The Colorado Supreme Court created new guidelines for what divorcing spouses can do with frozen embryos when the two cannot come to an agreement.

“This landmark ruling addresses for the first time in Colorado how to deal with frozen embryos in a divorce,” said attorney Rich Harris. “Some may be shocked to learn that there are some situations where someone could be forced to become a parent against their will.”

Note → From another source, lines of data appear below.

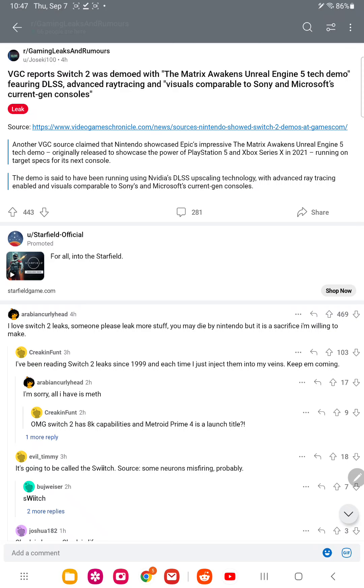The Matrix Awakens Unreal Engine 5 Tech Demo was originally released to showcase the power of the PS5 and Xbox Series X in 2021, running at target specs for the next console.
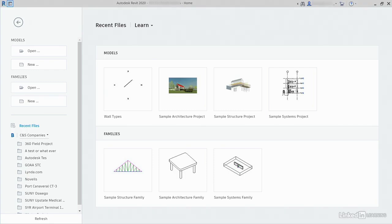Instance and type parameters certainly do behave differently. An instance parameter will only affect the object or objects you currently have selected. These parameters show up immediately on the Properties dialog once an item is selected. A type parameter can be accessed only when you select an item and click Edit Type. Any modification to a type parameter will change all instances of a specific family type, whether it's selected or not.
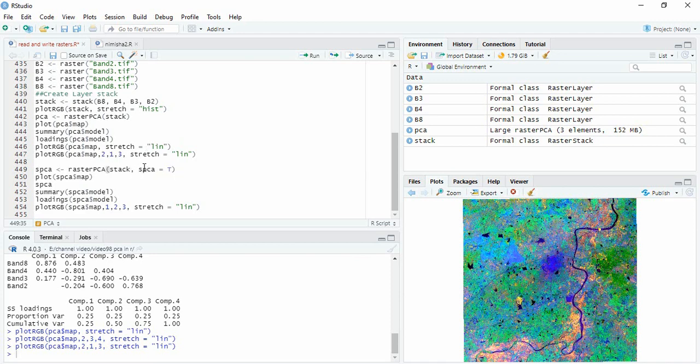If you are having some different bands, suppose you are taking terrain variable also or some climate variable also to get a PCA, then you have to use standardized PCA.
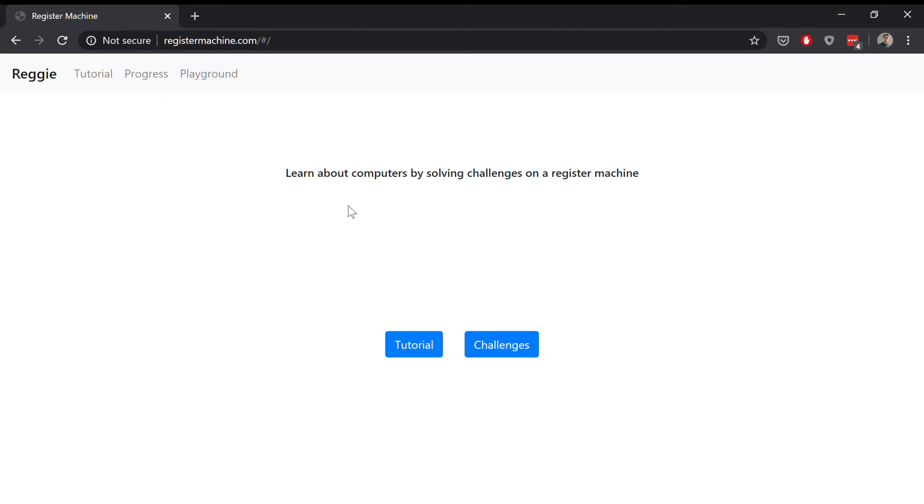So here's the register machine web app. The purpose of this is to introduce tools and concepts of computer programming, and it's based on an idealized computer called a register machine.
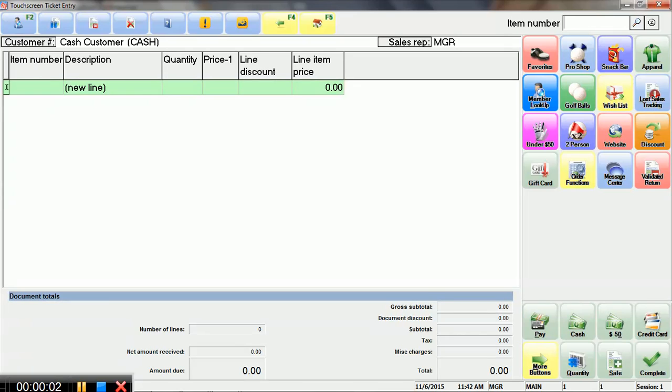In this video, I wanted to quickly cover how to run a sale or a transaction in the NCR CounterPoint SQL point of sale software.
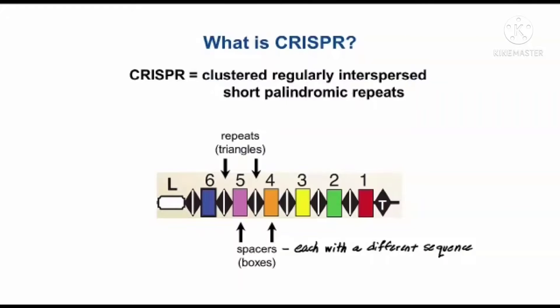CRISPR stands for Clustered Regularly Interspersed Short Palindromic Repeats.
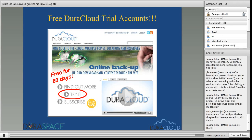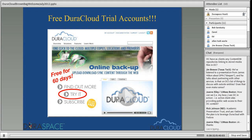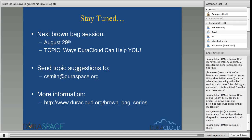A reminder: free DuraCloud trial accounts are available for 60 days, and if you have a particularly complex use case we can extend that. Just go to DuraCloud.org and click 'Try It', or send me an email — my address is listed on screen. The next DuraCloud brown bag session will take place on August 29, and the topic will be 'Ways DuraCloud Can Help You.' All recordings from the brown bag series are available at DuraCloud.org/brown-bag-series.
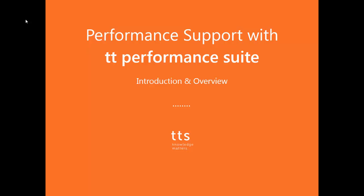Welcome to a short introduction to and overview of TT Performance Suite. As you can tell by its name, TT Performance Suite is a full software suite consisting of many different components. For this video though, we will focus just on the aspects relevant for performance support.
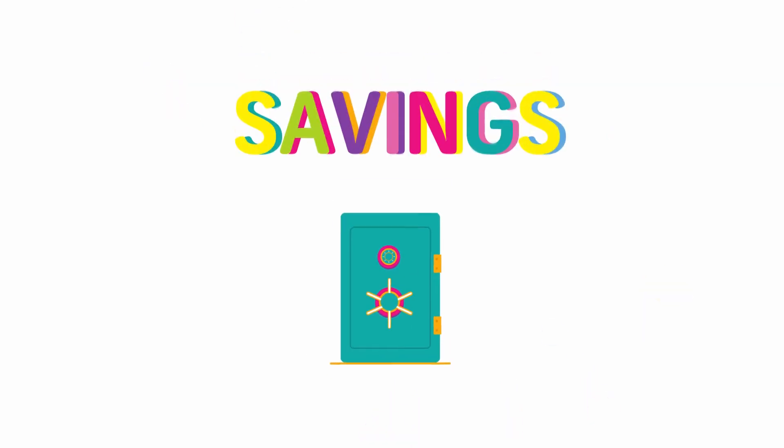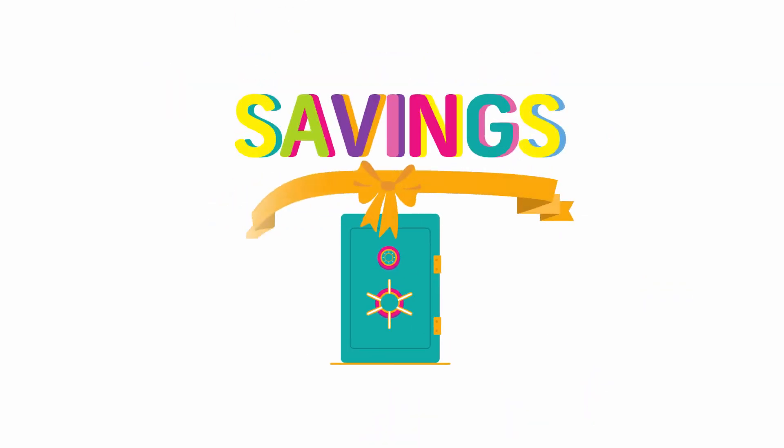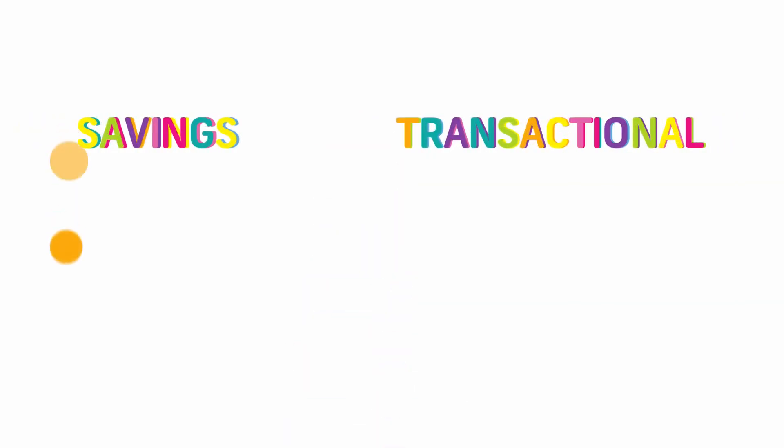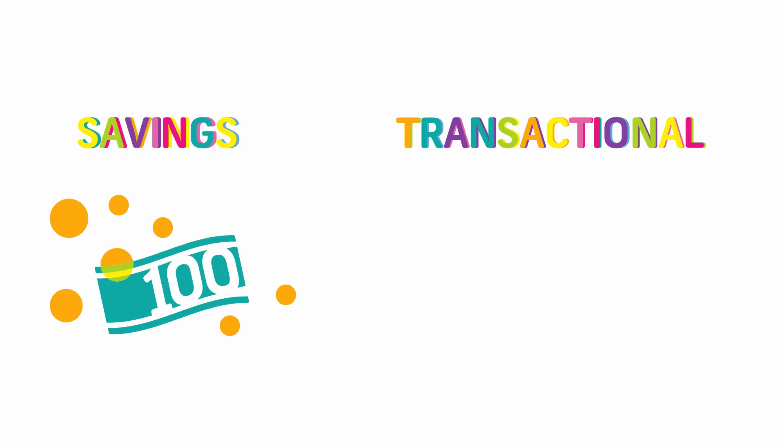By putting her money in a savings account to earn interest with 100% security, her money was safe and working for her. She chose a savings account over the transactional account for the savings aspect of it and what it does for her money.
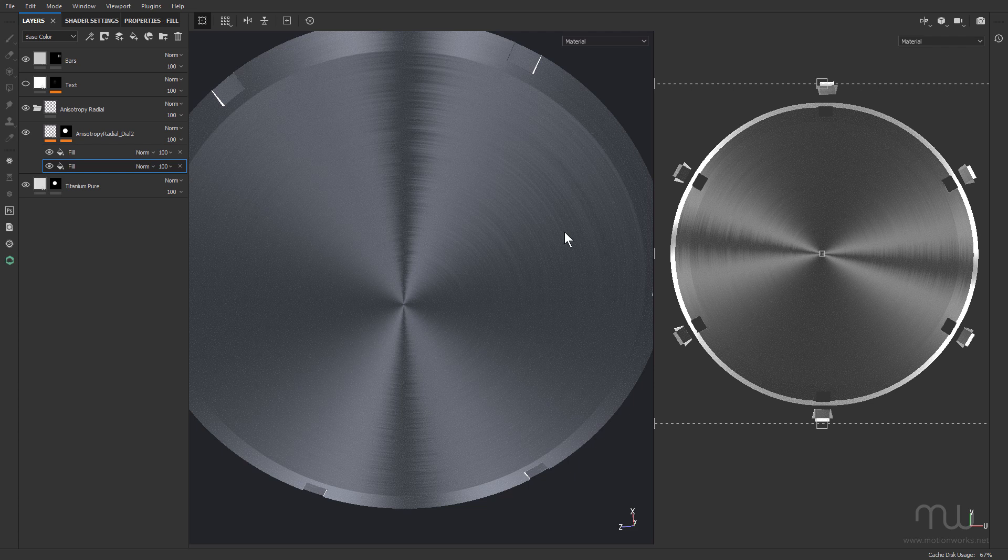I've tried to get a radial anisotropic look in Substance Painter in the past, but it's always been a hack. And it's only this weekend that I've actually worked out how to do it. So I thought I'd just share that with you and save you some time if you've been wondering how to create this look.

The late October judgment determined that courts must take both parties interests into account when deciding what happens to the embryos, and included a list of factors that can and cannot be considered when making those decisions.

Judges are required to:

  • Consider the emotional and/or financial hardships a person who does not want to become a parent would face;
  • Consider whether a person could have children without the frozen embryos;
  • Consider how both people would use the frozen embryos.

Judges cannot:

  • Consider whether a person could raise or adopt non-biological children;
  • Consider how many children either parent already has;
  • Consider if either person wants to bring the embryos to term.

However, the ruling was not unanimous. Three of the Colorado Supreme Court Justices did not agree with the majority opinion, arguing that courts should not be in a position to force a person to become a parent. They argued that both donors should instead agree to either use or destroy the frozen embryos, and that if an agreement cannot be reached then the embryos should remain frozen in storage.

“The decision to have children is one of the most consequential choices people make in life,” Justice William Hood wrote in the dissenting opinion. “The considerations that go into it are numerous and personal; it is not a decision that most would leave to their dearest friends, let alone the state.”